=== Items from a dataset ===

Segment Open

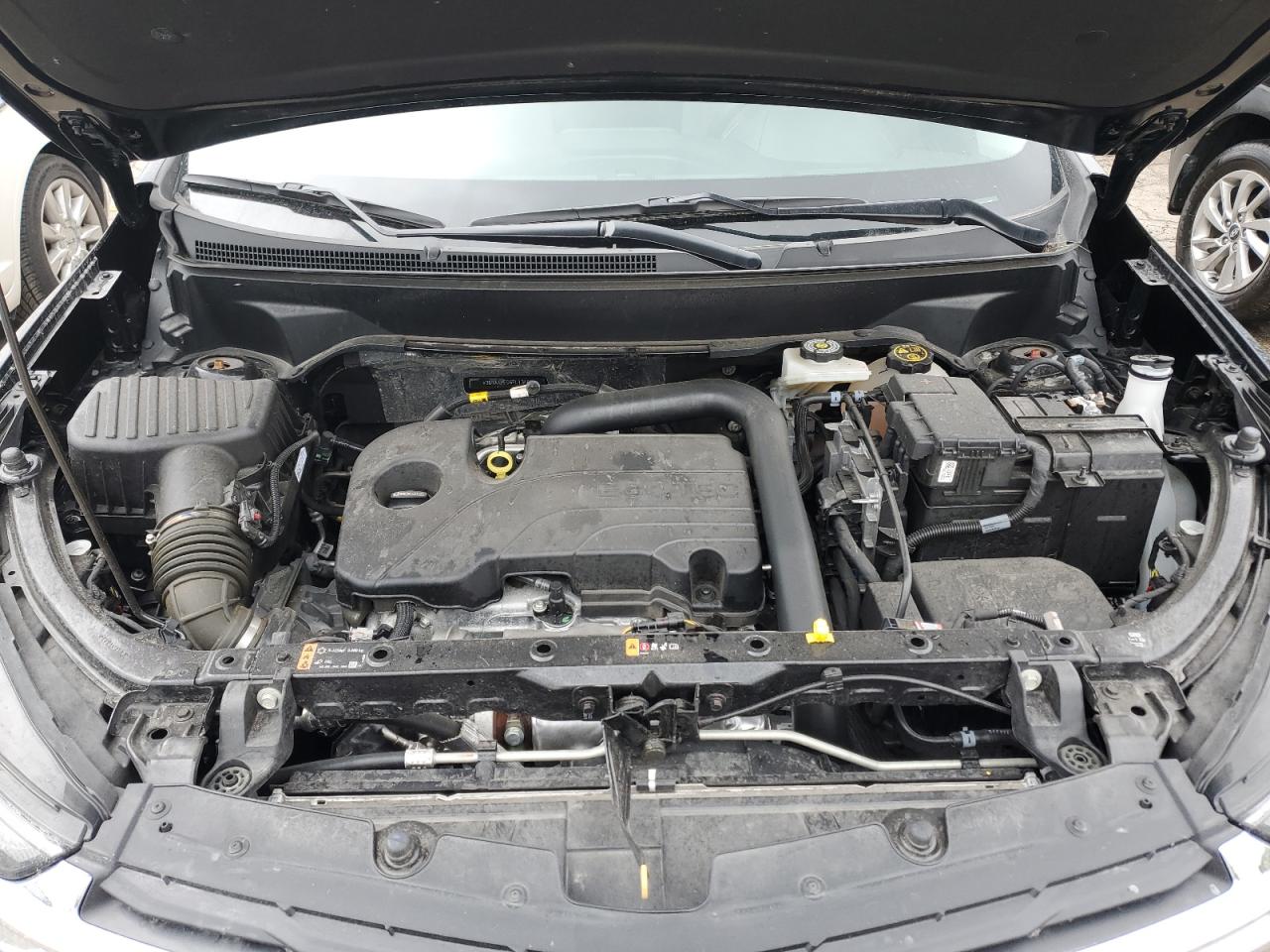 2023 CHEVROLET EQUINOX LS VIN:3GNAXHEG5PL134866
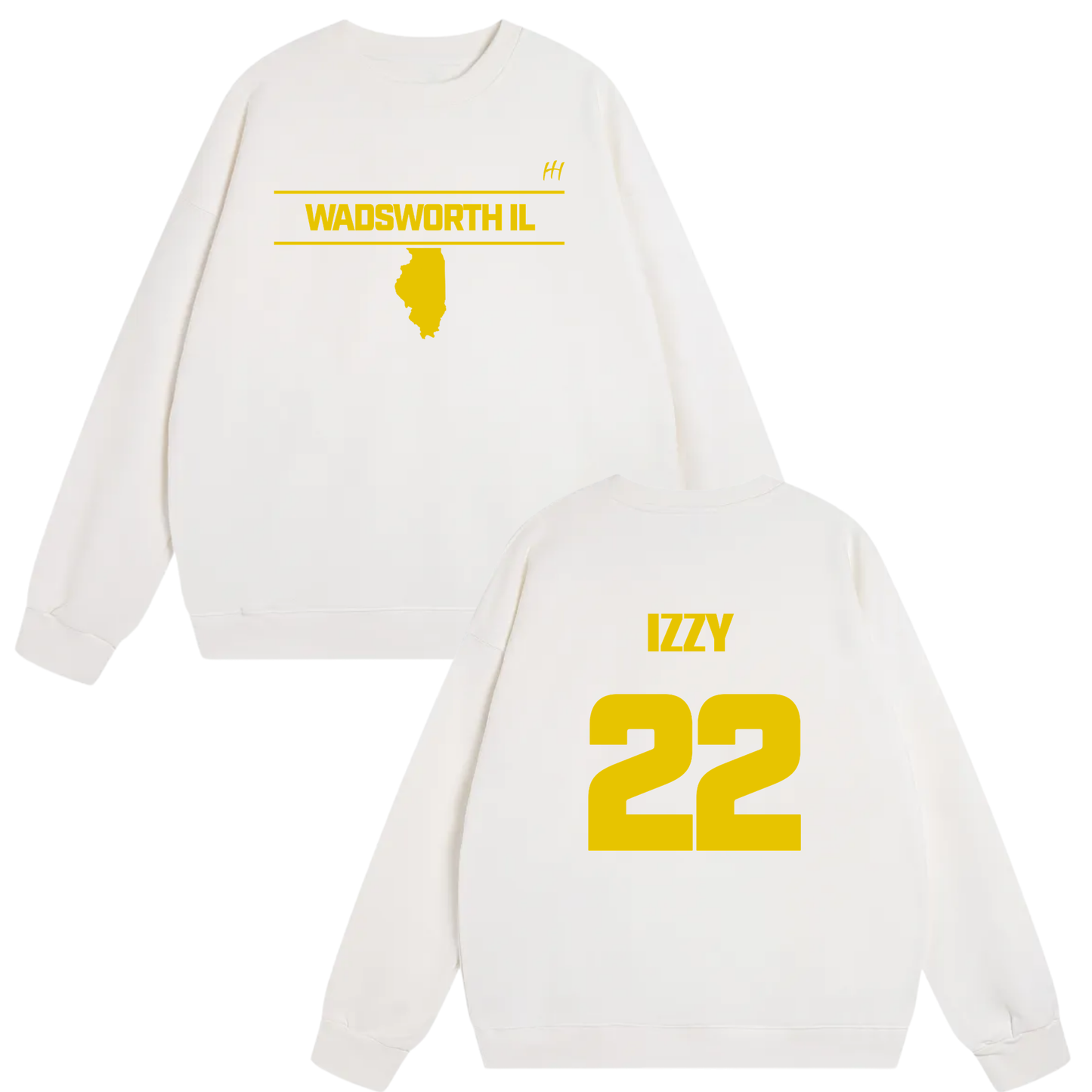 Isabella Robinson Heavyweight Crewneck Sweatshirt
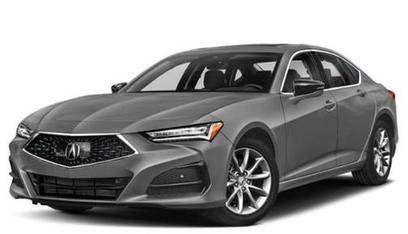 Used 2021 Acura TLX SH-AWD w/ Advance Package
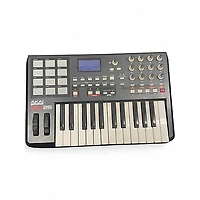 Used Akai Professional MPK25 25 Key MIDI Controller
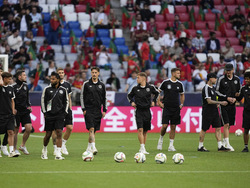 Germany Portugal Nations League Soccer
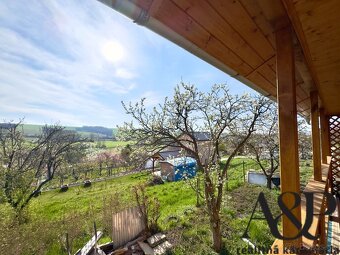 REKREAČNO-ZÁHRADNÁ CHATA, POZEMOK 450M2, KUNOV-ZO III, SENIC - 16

Segment Closed

=== REQUIRED ACTION ===
Leave the images aside and return the records above exactly as written.

=== RESULT FOR THIS EXERCISE ===
 2023 CHEVROLET EQUINOX LS VIN:3GNAXHEG5PL134866
 Isabella Robinson Heavyweight Crewneck Sweatshirt
 Used 2021 Acura TLX SH-AWD w/ Advance Package
 Used Akai Professional MPK25 25 Key MIDI Controller
 Germany Portugal Nations League Soccer
 REKREAČNO-ZÁHRADNÁ CHATA, POZEMOK 450M2, KUNOV-ZO III, SENIC - 16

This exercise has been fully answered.